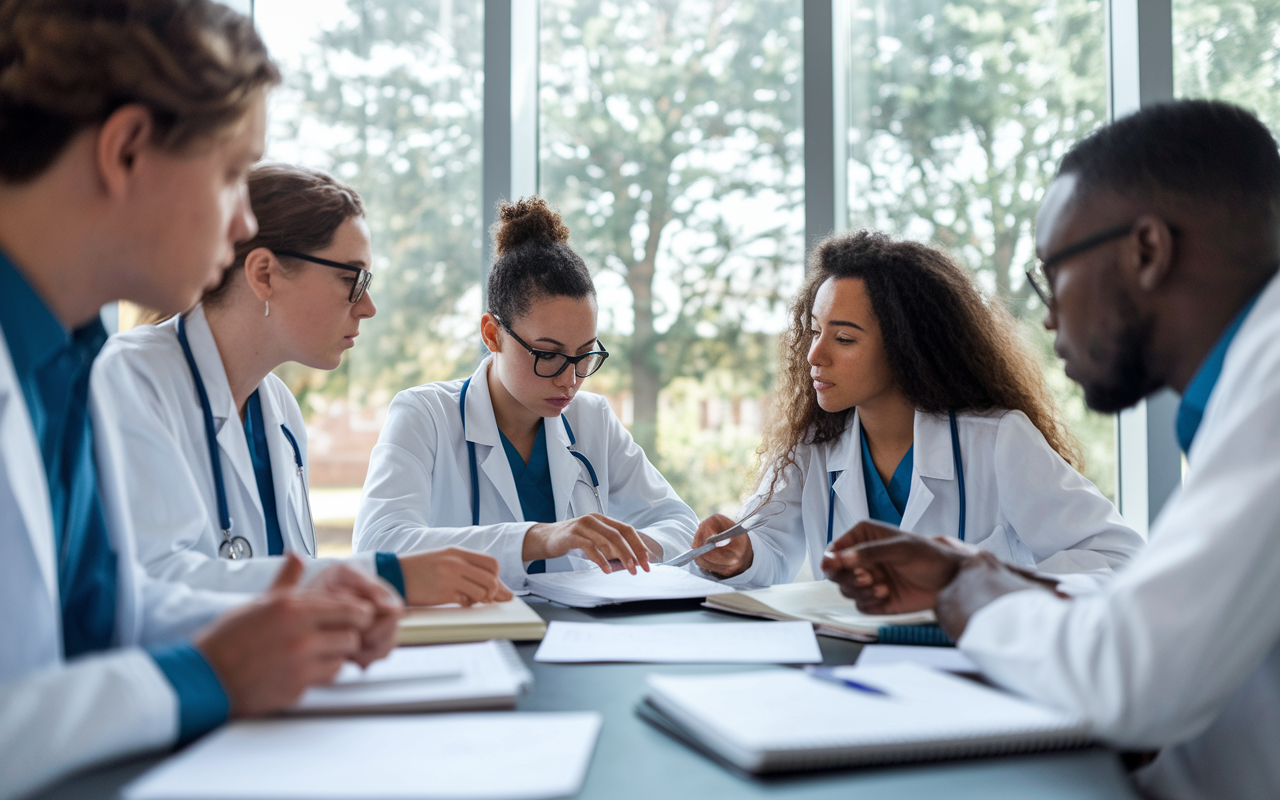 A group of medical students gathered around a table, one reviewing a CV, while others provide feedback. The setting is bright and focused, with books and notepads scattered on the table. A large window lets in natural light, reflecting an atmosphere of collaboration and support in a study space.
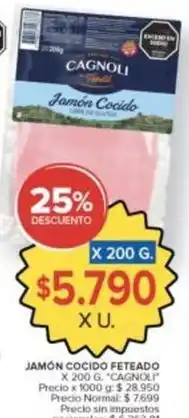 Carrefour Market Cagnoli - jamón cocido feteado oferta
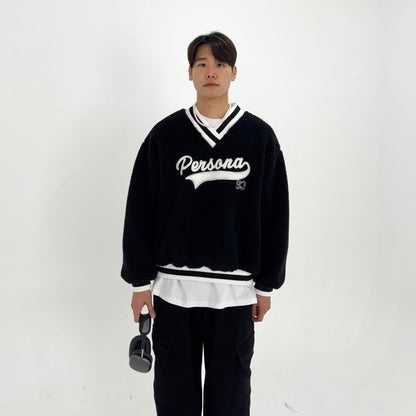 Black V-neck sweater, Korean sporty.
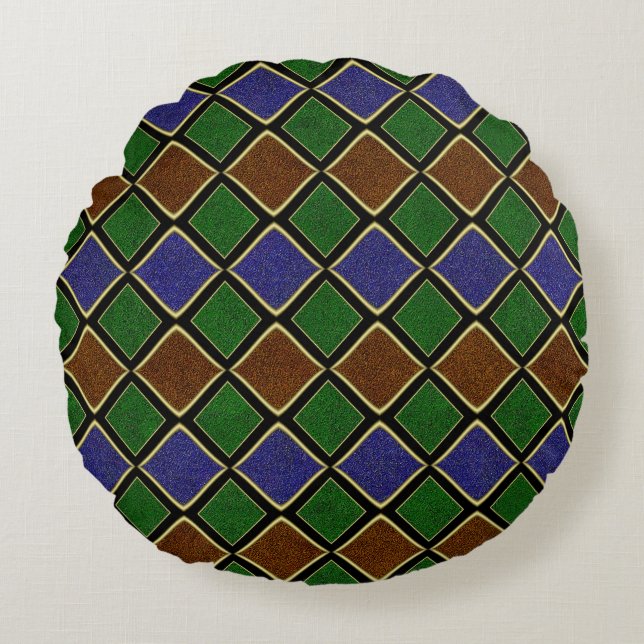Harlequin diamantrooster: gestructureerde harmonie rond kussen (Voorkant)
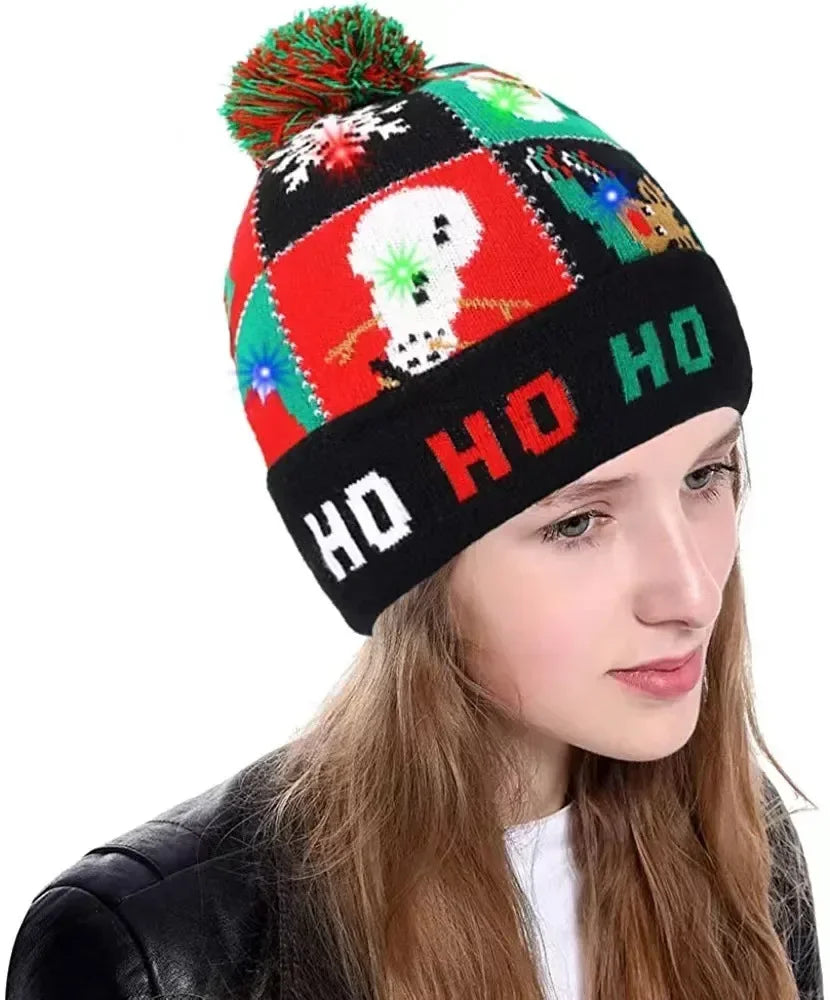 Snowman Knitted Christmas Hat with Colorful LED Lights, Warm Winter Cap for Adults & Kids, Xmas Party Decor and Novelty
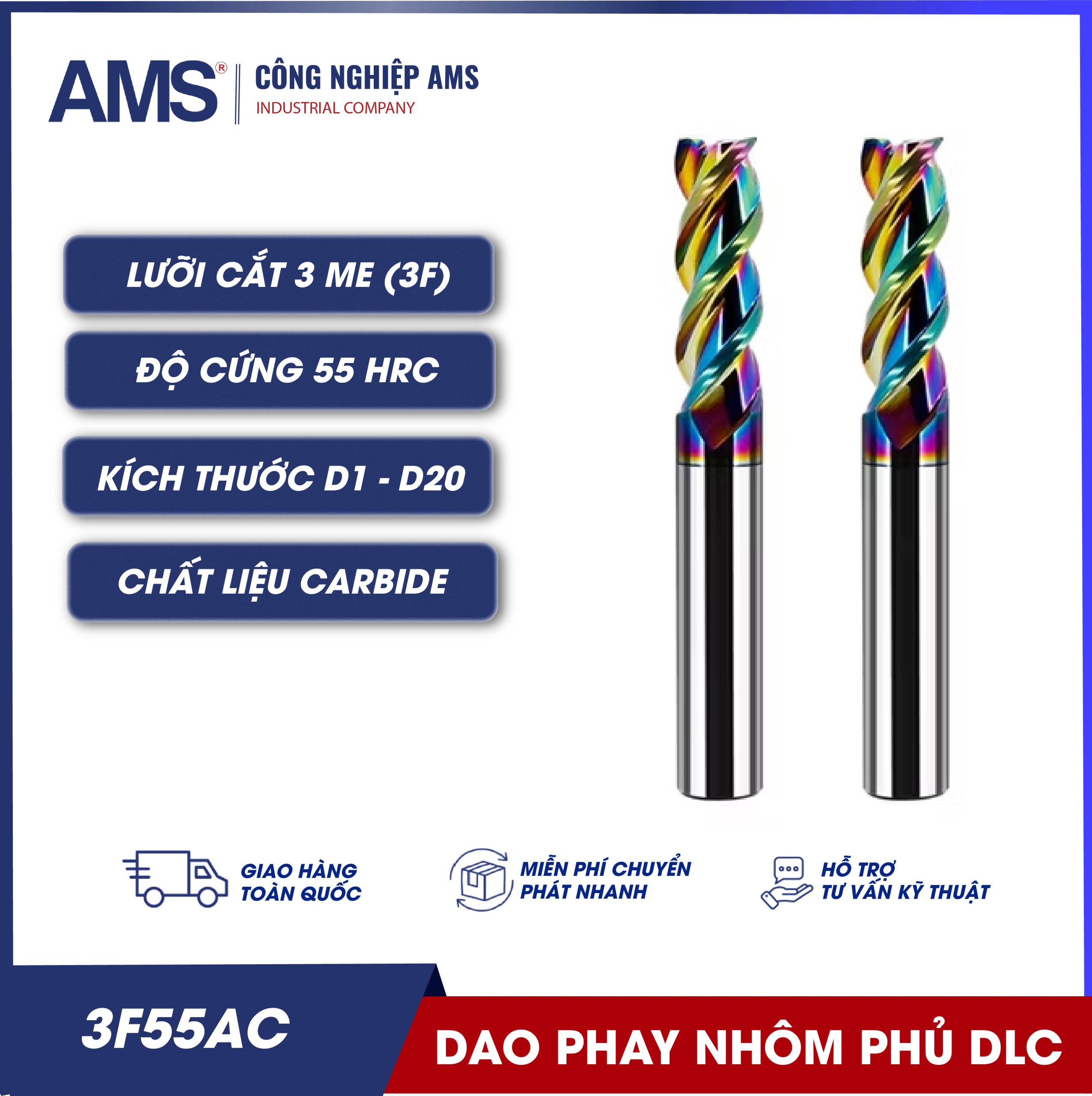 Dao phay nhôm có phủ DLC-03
* * * *
(Activity) An exact, image-free transcript of the material is required.

(Written response)
 A group of medical students gathered around a table, one reviewing a CV, while others provide feedback. The setting is bright and focused, with books and notepads scattered on the table. A large window lets in natural light, reflecting an atmosphere of collaboration and support in a study space.
 Carrefour Market Cagnoli - jamón cocido feteado oferta
 Black V-neck sweater, Korean sporty.
Harlequin diamantrooster: gestructureerde harmonie rond kussen (Voorkant)
 Snowman Knitted Christmas Hat with Colorful LED Lights, Warm Winter Cap for Adults & Kids, Xmas Party Decor and Novelty
 Dao phay nhôm có phủ DLC-03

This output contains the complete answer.